I don't know about that, but - when I mentioned Eastwood's later films contradicting the themes of Dirty Harry, I was talking mostly about Unforgiven. And you may believe the mission of the man alone is the only thing that matters in these movies - but Eastwood himself clearly came to disagree. The Right Thing is not The Right Thing unless it's right. Dirty Harry is an unabashedly political movie, for all your desire to see it in the abstract; Harry Callahan acts politically, in public, to stop a public threat to the safety of the people in his society. He makes specific and explicit statements about how he feels about the laws of the United States; this is not symbolism or euphemism, it is explicit and literal. And worst of all is the movie's antagonist, who is the most hideous pastiche of torture porn villains, made as awful as possible to make Harry seem all the more good and to justify his crusade and give him a reason to come unhinged. Eastwood's later antagonists make some sense, or at least aren't a cartoonish attempt to make him look good.

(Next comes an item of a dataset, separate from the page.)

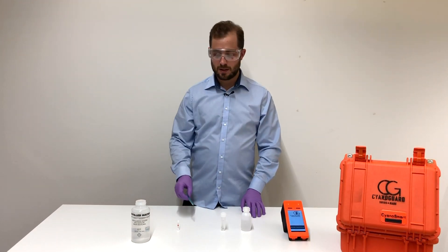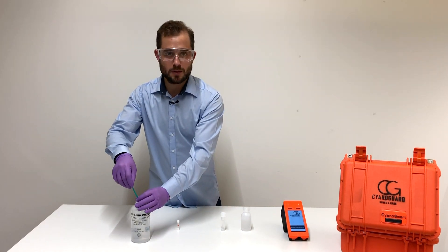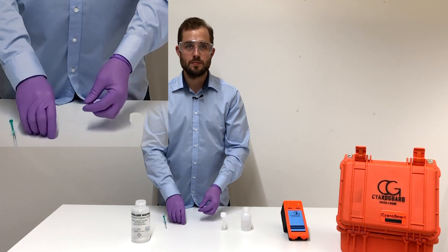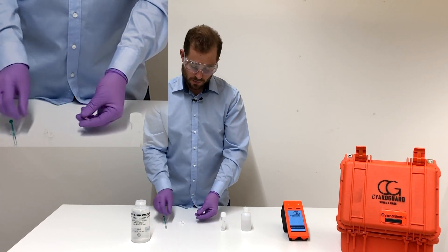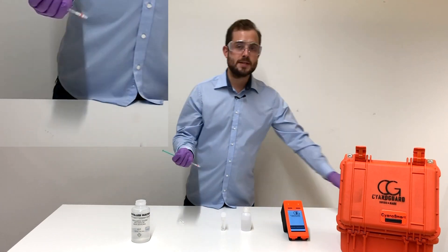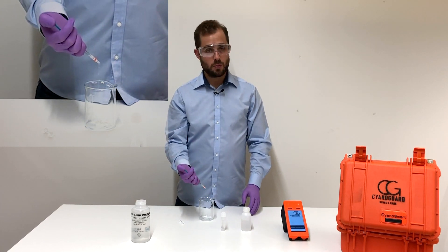Let's start with rinsing the cartridge. Take up one milliliter of water, open the cartridge, connect the syringe to the cartridge, and simply rinse the cartridge with water.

The political cannot be abandoned so easily. I don't think Million Dollar Baby is a morality play about how everyone ought to be a nice liberal and allow euthanasia; but I also don't agree with the idea that we need The Man Alone, aloof of politics and unconcerned with justice, caring only about his Right Thing which probably is no good for anyone else. I think that's a damaging and corrosive ideal, and that's why I call it fascist: because it justifies too much brutality.
posted by koeselitz at 12:50 AM on December 6, 2014 [3 favorites]


When you put this guy in a cop uniform, he becomes willing to break the law to capture Scorpio. This makes Roger Ebert calls him a fascist. When you put this guy in a boxing ring as a mentor, and his prized fighter succumbs to a massive injury, he alone is the one to perform euthanasia. Conservatives call this having a "right-to-die" liberal agenda and freak out.

So no, I don't agree with you. Million Dollar Baby and Dirty Harry are essentially the same movie. And the problem lies in you thinking that Eastwood has a particular political agenda. Or in thinking that Dirty Harry was just a really stupid movie. Or in thinking that in the 70's people were obsessed with "machismo" and "misogyny," which was not your comment, and that's what drove them to like the movie, but again that's a mischaracterization, even though that's what the movies may look like to us now.


When you put him in a truck with an orangutan, he alone will have sexy time with said ape. (Subtextually obviously, as the 70s wasn't that liberal).
posted by biffa at 12:53 AM on December 6, 2014 [6 favorites]


Just thinking a little latterly here, but I was puzzled a bit why I liked 1998's "Out of Sight"so much, and I came to a sort of conclusion that it had that 60s-70s human scale quality.
I just don't see many movies like that, unironically warm, romantic, mature. Sure, sure,
Clooney blah blah J-Lo blah blah Elmore Leonard blah blah, but still, it had the backbone
to be what it is.
posted by Chitownfats at 1:21 AM on December 6, 2014 [3 favorites]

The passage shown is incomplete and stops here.